→ How to complete this task: Where does the word "Picture" occur in the material? Copy each line that has it.

→ Source information:

══════════

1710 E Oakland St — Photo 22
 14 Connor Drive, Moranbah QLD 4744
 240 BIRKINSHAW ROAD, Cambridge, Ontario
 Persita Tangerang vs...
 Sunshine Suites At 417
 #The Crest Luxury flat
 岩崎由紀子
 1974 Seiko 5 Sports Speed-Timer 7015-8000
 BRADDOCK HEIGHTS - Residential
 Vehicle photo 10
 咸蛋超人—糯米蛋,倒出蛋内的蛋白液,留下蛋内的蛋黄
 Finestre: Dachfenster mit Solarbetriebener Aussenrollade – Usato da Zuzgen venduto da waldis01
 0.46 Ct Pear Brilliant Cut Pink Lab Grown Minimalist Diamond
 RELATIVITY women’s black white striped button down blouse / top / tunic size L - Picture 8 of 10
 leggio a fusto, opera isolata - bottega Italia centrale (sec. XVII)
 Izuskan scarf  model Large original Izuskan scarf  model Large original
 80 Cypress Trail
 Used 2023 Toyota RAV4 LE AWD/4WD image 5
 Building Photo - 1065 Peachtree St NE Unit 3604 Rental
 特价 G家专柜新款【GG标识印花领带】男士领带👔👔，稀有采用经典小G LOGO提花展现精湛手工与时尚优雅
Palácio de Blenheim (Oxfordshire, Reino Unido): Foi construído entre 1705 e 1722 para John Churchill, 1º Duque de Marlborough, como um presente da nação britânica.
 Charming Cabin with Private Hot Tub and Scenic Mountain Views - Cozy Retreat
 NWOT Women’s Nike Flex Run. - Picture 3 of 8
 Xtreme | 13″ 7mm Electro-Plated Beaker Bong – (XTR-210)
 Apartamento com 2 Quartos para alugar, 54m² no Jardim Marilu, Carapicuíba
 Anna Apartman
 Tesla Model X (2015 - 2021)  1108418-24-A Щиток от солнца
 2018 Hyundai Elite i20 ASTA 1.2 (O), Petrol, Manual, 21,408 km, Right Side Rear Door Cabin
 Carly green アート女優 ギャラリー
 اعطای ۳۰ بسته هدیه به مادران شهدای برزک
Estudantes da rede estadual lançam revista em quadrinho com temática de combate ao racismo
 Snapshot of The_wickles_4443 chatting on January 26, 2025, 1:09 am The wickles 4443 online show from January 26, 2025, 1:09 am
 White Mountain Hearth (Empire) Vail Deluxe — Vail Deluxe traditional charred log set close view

══════════

→ Written response:
 RELATIVITY women’s black white striped button down blouse / top / tunic size L - Picture 8 of 10
 NWOT Women’s Nike Flex Run. - Picture 3 of 8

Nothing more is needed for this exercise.